Controlled Formation of Silica Particles from Tetraethyl Orthosilicate in Nonionic Water-in-Oil Microemulsions

Abstract

The formation of silica particles by the ammonia-catalyzed hydrolysis of tetraethyl orthosilicate (TEOS) in nonionic water-in-oil microemulsions was investigated as a function of the molecular structure of the surfactant, the type of oil, and the concentrations of surfactant and water. Three types of nonionic surfactants and two oils, heptane and cyclohexane, were used. Microemulsion solutions were characterized using photon correlation spectroscopy, electrical conductivity measurement, and titration of phase separation points. The hydrolysis of TEOS and the size of synthesized silica particles were measured by FTIR spectroscopy and transmission electron microscopy measurements, respectively. It was found that the size distribution of silica particles correlates well with the size, connectivity, and stability of microemulsion droplets.
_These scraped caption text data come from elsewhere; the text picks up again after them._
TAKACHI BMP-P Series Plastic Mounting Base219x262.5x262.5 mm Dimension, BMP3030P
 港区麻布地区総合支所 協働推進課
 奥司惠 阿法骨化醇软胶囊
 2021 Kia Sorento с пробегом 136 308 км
This correlation indicates that the final size distribution of silica particles is predetermined in the silica particle's nucleation stage. In this stage, hydrolyzed (monomeric and polymeric) silica reacting species undergo interdroplet dynamic exchanges to contact one another and grow into nuclei. The results of this study showed that the nucleation of silica particles is enhanced (as to result in smaller final particles) by increasing the number of microemulsion droplets that compartmentalize reacting species in solutions or by increasing the strength of surfactant films in sterically hindering the dynamic exchange of reacting species between droplets. The effect of each variable described above on the formation of silica particles in microemulsions is detailed in the paper.